Sedangkan Menteri Pendidikan Juwono Sudarsono membentuk tim khusus terdiri dari para ahli sejarah. Bertugas memeriksa seluruh buku dan mata pelajaran sejarah. Meninjau ulang mata pelajaran sejarah, terutama yang memuat peristiwa 1965 tersebut.

Fakta itu disampaikan Usman Hamid, Direktur Amnesty Internasional Indonesia dalam acar bincang di program Rossi Kompas TV bertajuk Siapa Mau Nobar Film G30S ? Kamis, 27 September 2018.

Usman menjawab seruan pemutaran ulang film G30S/PKI dan mengembalikan kurikulum mata pelajaran sejarah seperti era orde baru yang kembali bergema. Sekaligus meluruskan logika keliru yang menyebut PKI ada di balik itu semua.

“Jadi, kalau penghentian film itu adalah upaya PKI, justru keliru. Yunus Yosfiah itu Jenderal TNI, Juwono Sudarsono orang terdidik. Kalau disebut itu PKI, tentu tidak benar,” kata Usman.

Usaha mencabut Ketetapan Majelis Permusyawatan Rakyat Serikat (TAP MPRS) Nomor 25 Tahun 1966 juga keluar pada masa Presiden Abdurrahman Wahid. Sebelum menjadi presiden, Gus Dur sebelumnya beberapa periode menjabat sebagai Ketua PBNU. Ormas Islam terbesar di Indonesia.

TAP MPRS itu selama masa Orde Baru jadi digunakan alat untuk membunuh orang yang dituduh anggota maupun simpatisan PKI. tanpa proses peradilan. Anak keturunan para tertuduh itu juga turut merasakan dampak dari aturan itu.

“Gus Dur mengajukan penghapusan karena menganggap TAP MPRS dijadikan dasar diskriminasi pada begitu banyak orang tak bersalah,” kata Usman.
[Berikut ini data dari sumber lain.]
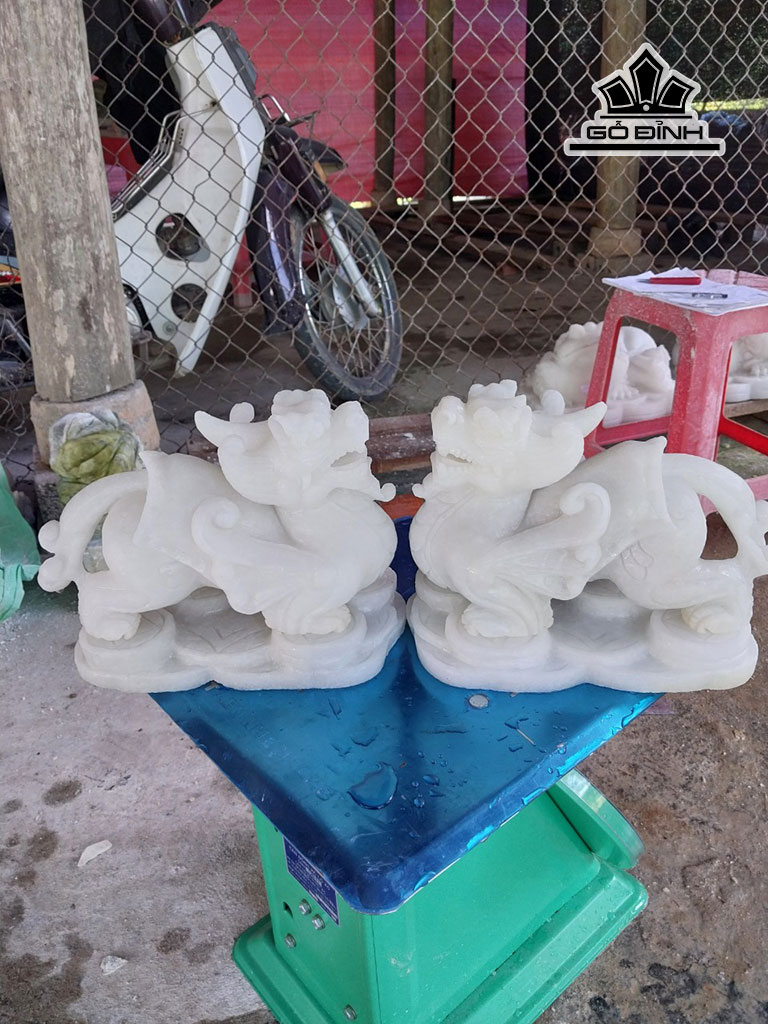 Cặp Tỳ Hưu Đá Cẩm Thạch Trắng Cao 20 Ngang 13  Dài 54 (cm) 13kg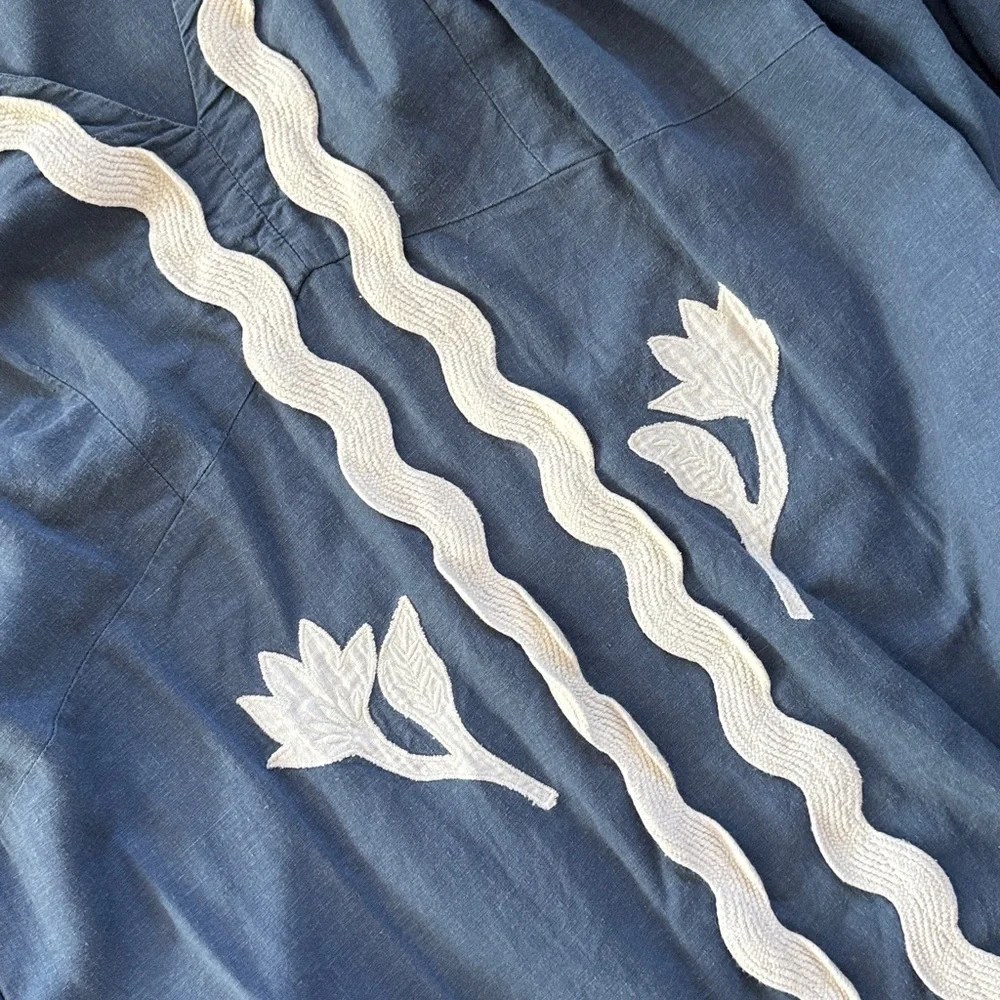 FARM Rio Blue Maxi Dress with White Appliqué - Picture 7 of 8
Usulan pencabutan itu sendiri tak pernah terealisasi, dan tetap berlaku sampai hari ini.

Pada masa Presiden Megawai Soekarnoputri, ada upaya kembali melarang mereka yang pernah direhabilitasi karena tuduhan PKI untuk ikut pemilu. Melalui pasal 60 huruf g UU nomor 12 tahun 2003 tentang Pemilu DPR, DPD, DPRD I dan II. Tapi, Mahkamah Konstitusi kemudian menghapus pasal itu karena dinilai melanggar konstitusi, menyimpang dari UUD 45.

Sejumlah warga menonton film penumpasan pengkhianatan G30S/PKI di markas Kodim 1304 Gorontalo, Gorontalo (20/9/2017). Hingga kini, pemutaran film ini tak ada izin dari PFN sebagai pemegang hak cipta film ini. | (Foto : Antara Foto)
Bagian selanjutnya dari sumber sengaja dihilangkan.